Wałęsa: wstydzę się 4 czerwca, przegraliśmy sprawę

Wałęsa: wstydzę się 4 czerwca, przegraliśmy sprawę

Dodano:   /  Zmieniono: 
Lech Wałęsa (fot. Wprost)Źródło:Wprost
- Gratuluję wyróżnień i dziękuję, że mogłem razem z państwem przyczynić się do odzyskania wolnej Polski - mówił Lech Wałęsa do odznaczonych członków rządów okresu transformacji. - Kto wam bronił działać? Mogliście sami to zrobić - dodał zwracając się do krytyków transformacji demokratycznej w Polsce
- Bez waszej walki ani zjednoczenie Niemiec, ani odzyskanie wolności dla innych państw nie byłoby możliwe - zwrócił się Wałęsa do odznaczonych przez prezydenta Bronisława Komorowskiego członków czterech pierwszych rządów po 1989 r. Zapewnił, że historia im podziękuje. Wałęsa ocenił też, że niezależnie od zysków i strat chyba nikt nie jest dziś w stanie powiedzieć, że Polska nie jest wolna i demokratyczna. 

 

Wałęsa skomentował też wybory do Sejmu i Senatu z 4 czerwca 1989 r. - Staram się unikać czwartego czerwca, dlatego, że demokracja jest albo jej nie ma. Tamto było "trochę w ciąży", dlatego ja się wstydzę, że  musiałem zawrzeć taki kompromis, ale nie mogłem innego - oświadczył. Były prezydent dodał, że ten kompromis otworzył opozycji drogę do dalszej walki.

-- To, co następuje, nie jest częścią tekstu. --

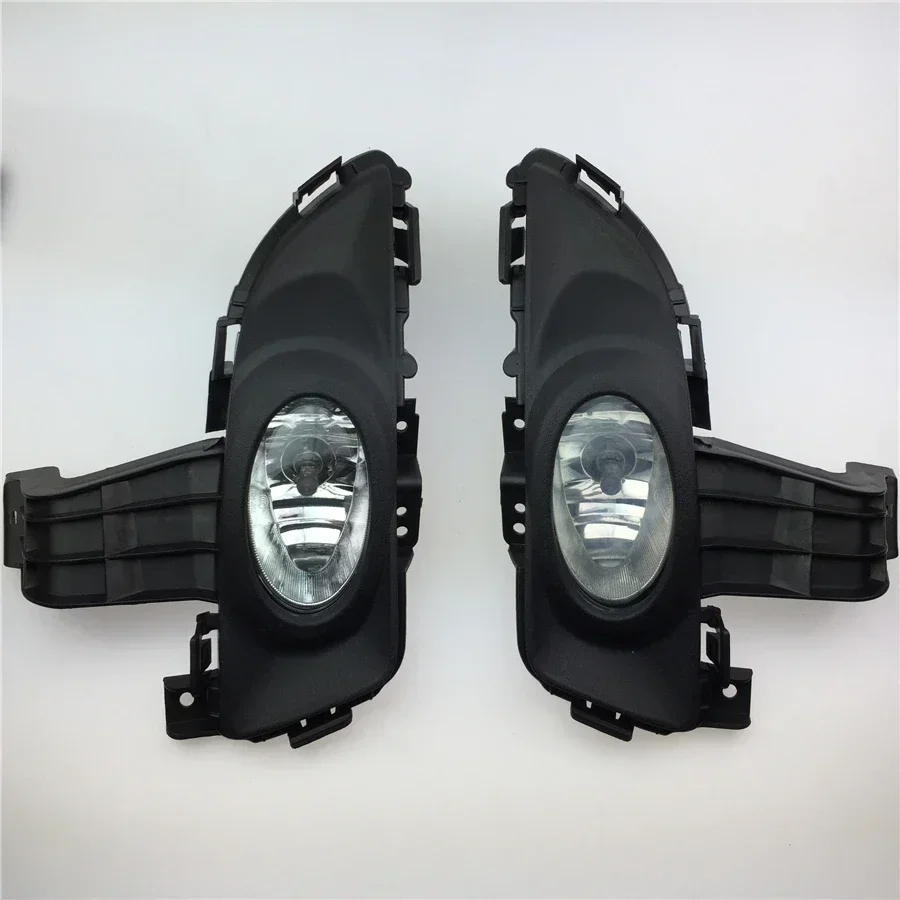 

For Mazda M3 car fog lamp 1.6 M3 car fog lamp assembly front bar fog lights 07-09 models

- Więcej osiągnąć nie można było, byliśmy za słabi. Natomiast w ogóle to się wstydzę, nie można tak, to był jednak za daleko idący kompromis, gdyby nie później następne parę ruchów, to by się skończyło bardzo źle. Właściwie przegraliśmy sprawę - ubolewał. - Uratowaniem było rozbić, strącić generała i to wykonaliśmy i  dlatego mamy sukcesy i to wykonaliśmy, dlatego mamy sukcesy - dodał.

 Prezydent odznacza Olechowskiego i Onyszkiewicza

W związku z 22 rocznicą wyborów z 4 czerwca 1989 roku prezydent Komorowski odznaczył, za wybitne zasługi dla transformacji ustrojowej Polski i kształtowanie demokratycznych zasad państwa prawa, m.in.: Krzysztofa Kozłowskiego, Waldemara Kuczyńskiego, Janusza Lewandowskiego, Janusza Onyszkiewicza, Izabellę Cywińską-Michałowską i Andrzeja Olechowskiego.